Miyazaki Meditations

I’m not the world’s most visually minded person, which, I confess, makes visual meditation hard work. I’m also, sometimes, a really stressed and anxious person. When you’re lying there at night with a thousand worries rampaging across your brain, it can be hard to switch that off to go to sleep. I’ve been meditating regularly for a good twenty years, but I still find there are times when my brain is triggered into frantic and counter-productive activity.

Meditating when it’s easy is all very nice, and probably very good for us, but it tends to be when meditation is hardest that we need it most. So, how do you even start to meditate when your brain is full of angry weasels?

I like pathworking, but the trouble with pathworking is that you need something to hold the path. Lying in bed at night (where meditation in self defence is an issue) a pre-recording won’t work, and getting my stress-fest of a brain to organise anything is at best a long shot.

What I’ve taken to doing, is using journey sequences from the films of Hayao Miyazaki. I’m especially fond of Spirited Away, where you can walk down the tunnel, out into the landscape, over the river and towards the bathhouse – it’s the perfect opening for a pathworking. Miyazaki films are visually intense, and I find them to be good soul food, so making myself go over a journey sequence helps to calm the brain weasels, while being unstressful, and inherently settling.

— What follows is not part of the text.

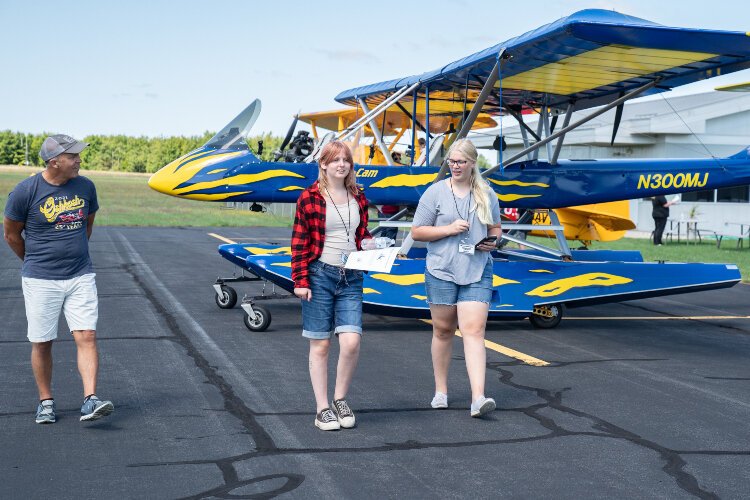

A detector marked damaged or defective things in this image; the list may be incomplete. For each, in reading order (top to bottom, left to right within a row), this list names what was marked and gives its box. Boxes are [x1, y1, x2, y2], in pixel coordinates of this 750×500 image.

crack in asphalt [117, 254, 748, 500]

Any strong and familiar visual imagery would of course do it. Any sequence from a game, or a film, that gives you strong visual imagery to work with can be borrowed as the opening to a meditation – whether you’re working along the edges of sleep, or not.

Inside our brains, we form pathways in a fairly literal sense. Panic, anxiety and other unhelpful things can become the paths we walk, and the more often we walk them, the more we wear those paths into ourselves. Taking a different path is restorative, it can break cycles of fear and depression, and gives us a chance to go somewhere else, in every sense.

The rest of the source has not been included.